Without intimating a picture of doom and gloom, everyone knows that there are a multitude of risks that could exist. However, the good news is that getting started isn’t as time consuming or difficult as the nature of the task may allude. In fact, if you are interested in updating your disaster recovery plan, this series will guide you. Spend about 30 minutes over two business days and concentrate on identifying your institution's most important systems. We believe in less than an hour, your team can initiate a clear path to an updated disaster recovery plan.
To formulate a solid disaster recovery plan, one must begin with identifying a list of critical business functions and supporting systems. From that list, determine the level of importance for each system in production. For example, if a system like Colleague or Banner were to go offline during a power outage and its data corrupted, business functions would cease. If the website were to go offline, however, the impact is more marketing-related and only affects those trying to gain access to certain materials, yet it doesn’t render the institution inoperable.
Once each system has been assigned a level of importance, consider whether each is mission critical and then assess the complexity of rebuilding or restoring services were each to go offline unexpectedly. Force yourself to list systems from most to least important in a single file list, even when it feels like two systems are equally important. (Your budget works linearly, and so should your planning.)
To take the plan one step further, consider starting a spreadsheet that contains specific information about each system identified in your exercise. With just a few key metrics, the institution can prioritize each system. This list will form the basis of the disaster recovery plan. (Don’t worry about adding every system. If you can’t think of a system right away, chances are that it will go on the bottom of the list, and it can be safely added later.) Assign each system to a matrix structure:
- System Name
- Complexity to rebuild
- Mission Criticality
- Life and Death: Will your college exist tomorrow if the system is lost?

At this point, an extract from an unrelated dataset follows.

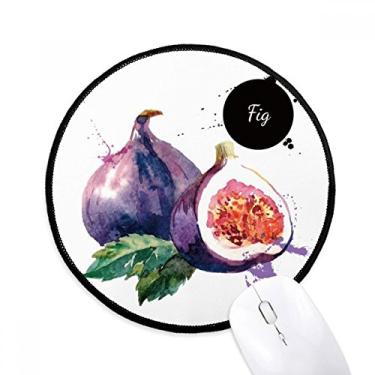 Imagem de DIYthinker Fig Fruit Tasty Healthy Watercolor Mouse Pad Desktop Office Tapete redondo para computador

Every institution should place a core set of services on the list: its ERP (Colleague, Banner, etc.); email server; network infrastructure; document imaging system (i.e. Soft Docs); content management and file shares; learning management system and other online course materials; website server(s); and telephone systems.
In some instances, communications might fail, but consider each system’s importance in relation to what it might take to rebuild.
Not all disaster recovery plans come with a hefty price tag, although there are some costs to consider. As one can imagine, this is a discussion worth having before any systems are in the cross hairs and teams placed under pressure to restore business operations. This exercise can also help provide a business case for working with stakeholders to understand the importance of what is being backed up and the costs associated with prioritizing certain systems over others. With the advent of cloud based services (i.e. Amazon Glacier, Amazon Web Services, Google Apps) and other infrastructure options, institutions can consider allocating funds into its operational budget and prepare to make resources available before an emergency.
As an example, for a mid-sized institution running Colleague, maintaining a secondary Colleague server capable of assuming basic college functions will cost between $20,000.00 and $60,000.00 every four years (if funded with capital improvement cash). This type of system should take approximately one month to setup and four hours per week of staff attention to maintain.
The response to an emergency is overrated when compared to its avoidance. By setting priorities and focusing on how a team might respond if something were to go awry, attention is drawn to areas of the business that are paramount to being sustainable. As critical functions and systems are placed atop the list, institutions should immediately begin a thorough review of all processes impacted and driven by such systems.